▸ **Activity**: Given the entries below, would you transcribe exactly the lines starting at the one with "엑셀 이동과 선택 인포그래픽" and ending at the one with "الأصلي 729 النهائي", both kept, pictures omitted, nothing extra?

▸ **Supplied data**:
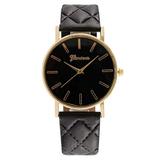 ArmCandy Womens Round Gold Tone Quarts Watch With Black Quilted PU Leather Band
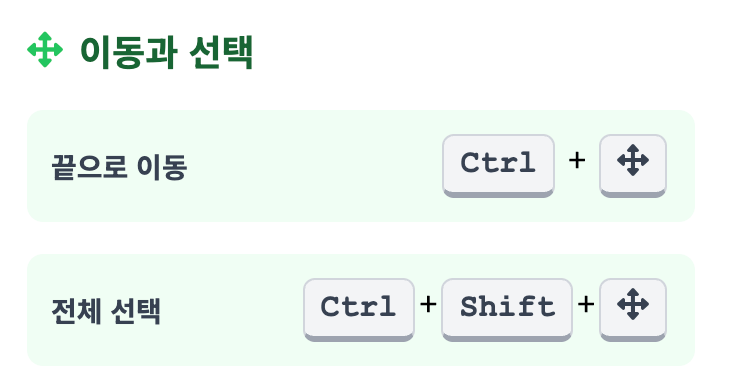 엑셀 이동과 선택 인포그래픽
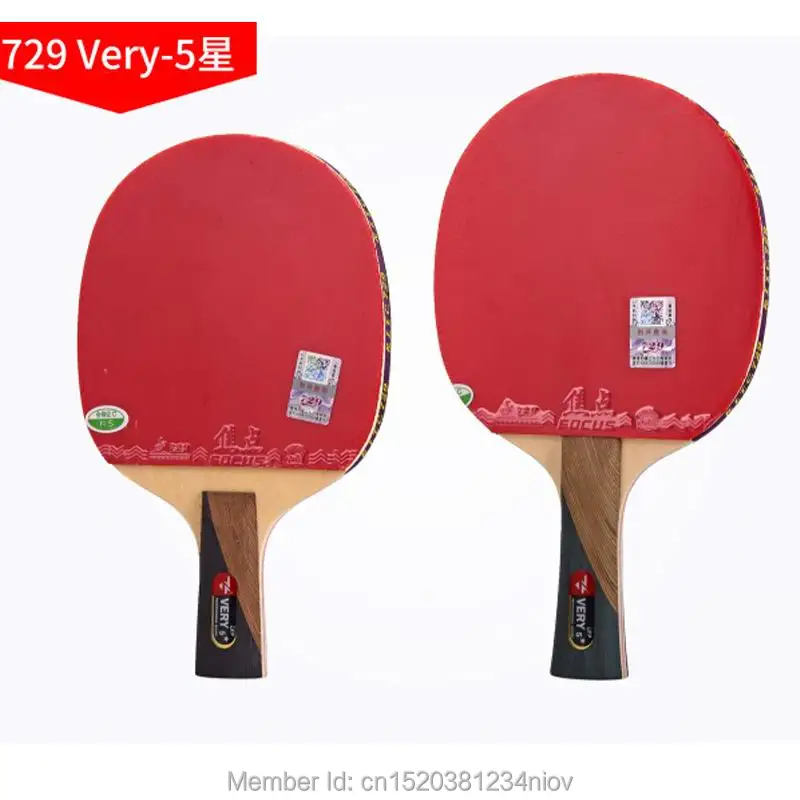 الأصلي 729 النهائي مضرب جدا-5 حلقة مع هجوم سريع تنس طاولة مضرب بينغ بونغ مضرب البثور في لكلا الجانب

==

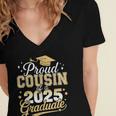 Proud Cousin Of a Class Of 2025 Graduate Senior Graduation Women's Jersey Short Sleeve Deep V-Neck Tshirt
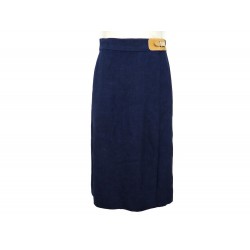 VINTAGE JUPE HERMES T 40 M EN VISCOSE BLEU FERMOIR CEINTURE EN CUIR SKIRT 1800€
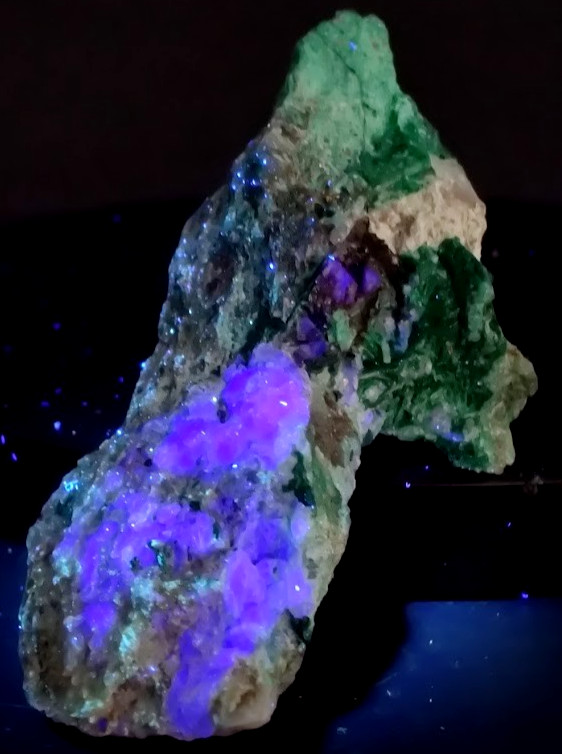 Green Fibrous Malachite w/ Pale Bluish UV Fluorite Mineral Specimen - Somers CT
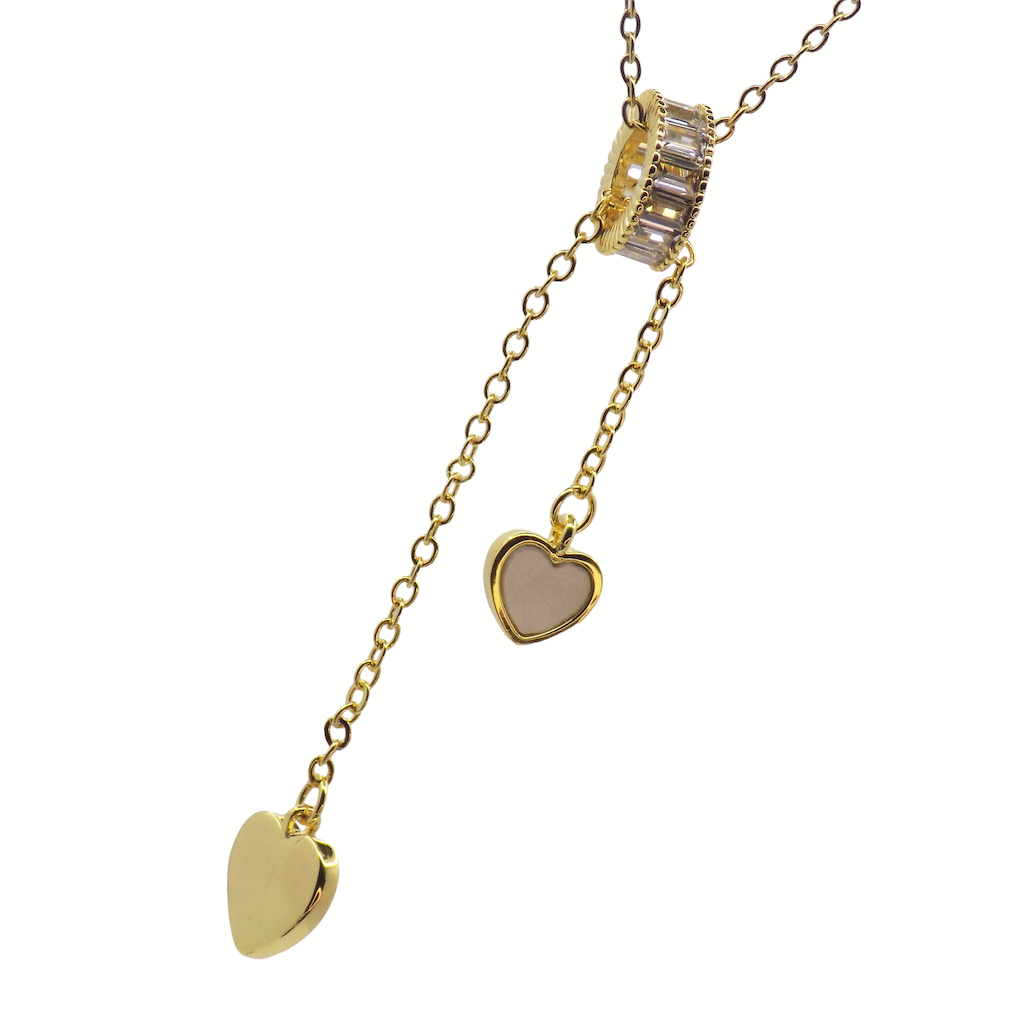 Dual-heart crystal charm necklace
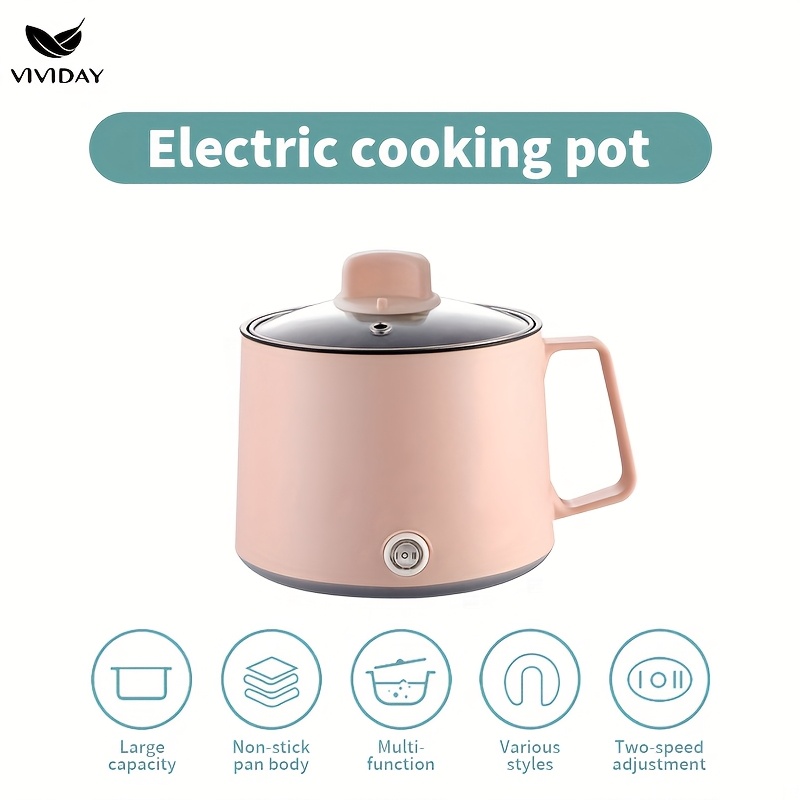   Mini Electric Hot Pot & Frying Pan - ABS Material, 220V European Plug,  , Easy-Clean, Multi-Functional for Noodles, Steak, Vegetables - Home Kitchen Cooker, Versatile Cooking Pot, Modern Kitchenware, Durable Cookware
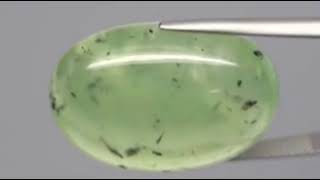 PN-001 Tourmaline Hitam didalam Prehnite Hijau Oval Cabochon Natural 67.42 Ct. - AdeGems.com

---

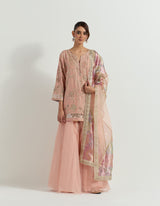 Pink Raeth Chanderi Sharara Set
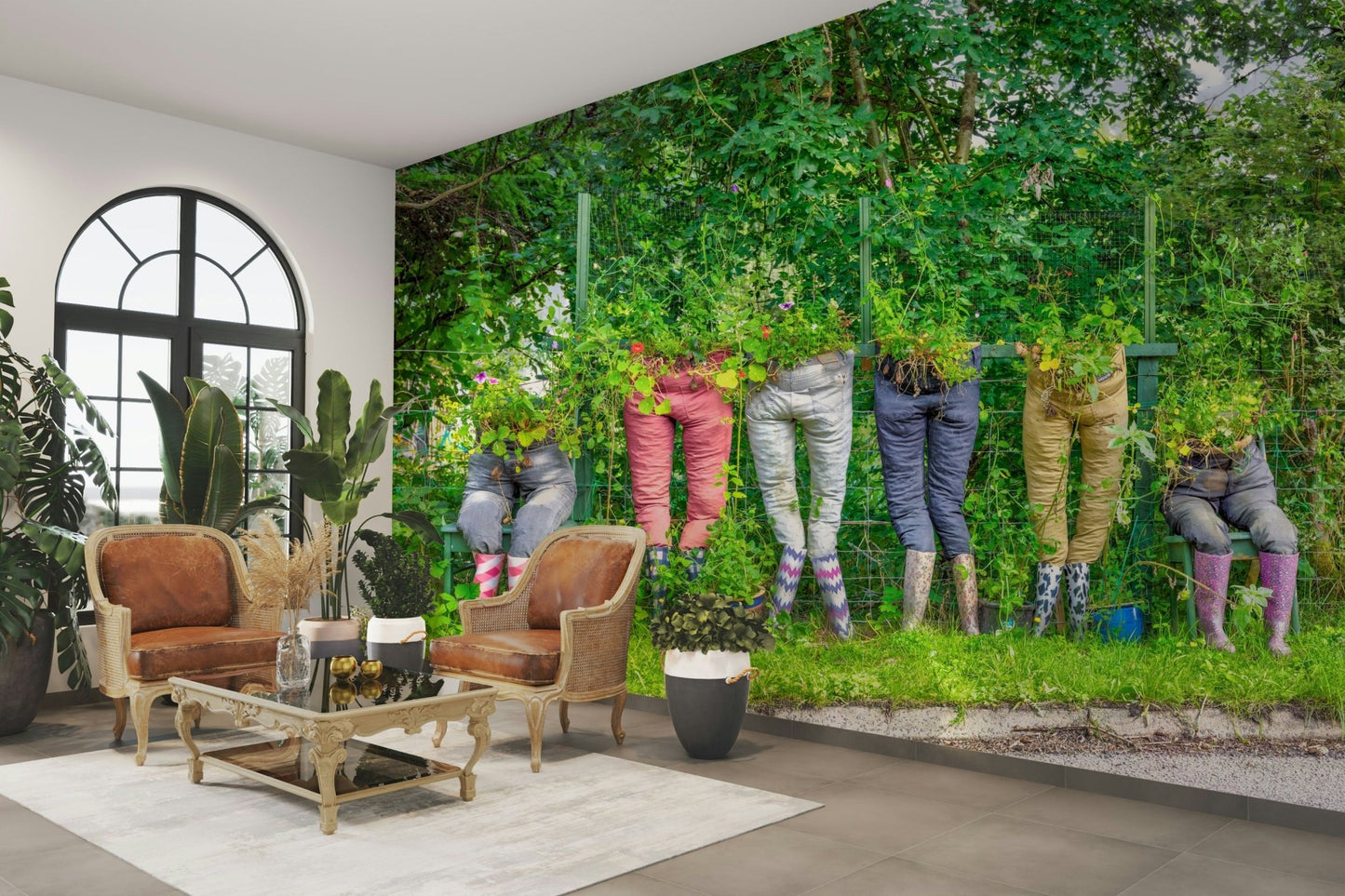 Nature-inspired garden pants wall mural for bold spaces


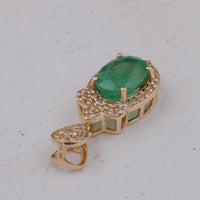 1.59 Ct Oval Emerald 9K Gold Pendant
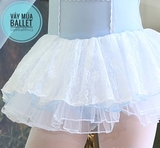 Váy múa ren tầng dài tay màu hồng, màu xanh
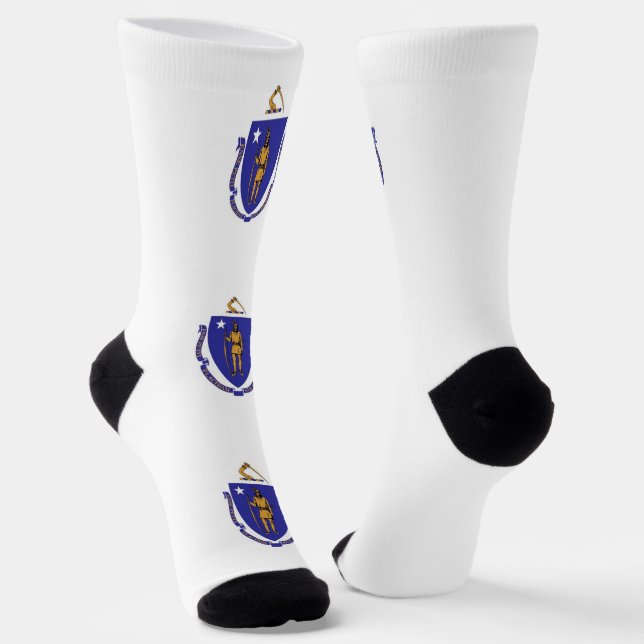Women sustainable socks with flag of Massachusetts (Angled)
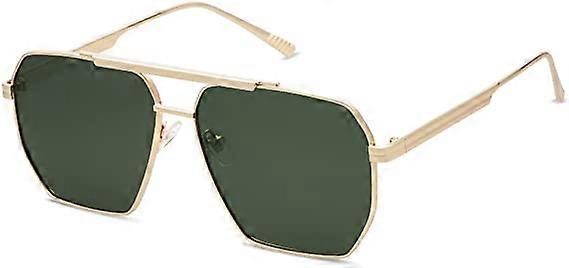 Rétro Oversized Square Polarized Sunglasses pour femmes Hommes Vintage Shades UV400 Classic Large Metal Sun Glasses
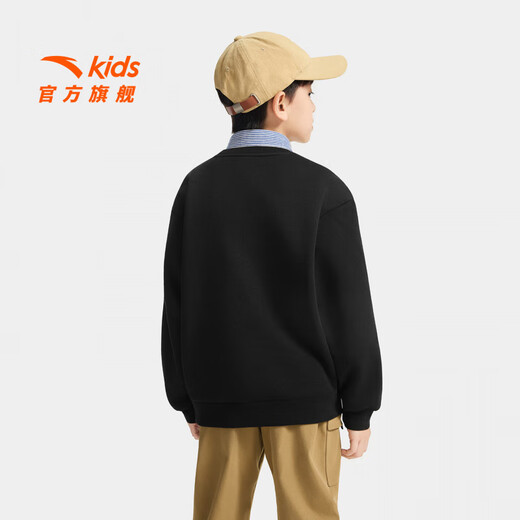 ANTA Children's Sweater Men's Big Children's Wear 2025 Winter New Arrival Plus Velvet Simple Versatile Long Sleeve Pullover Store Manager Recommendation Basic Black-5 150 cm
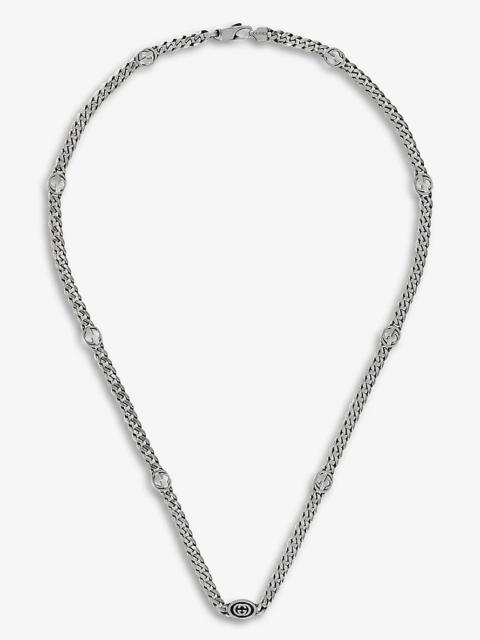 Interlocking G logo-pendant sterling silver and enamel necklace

▸ **Solved problem**:
 엑셀 이동과 선택 인포그래픽
 الأصلي 729 النهائي مضرب جدا-5 حلقة مع هجوم سريع تنس طاولة مضرب بينغ بونغ مضرب البثور في لكلا الجانب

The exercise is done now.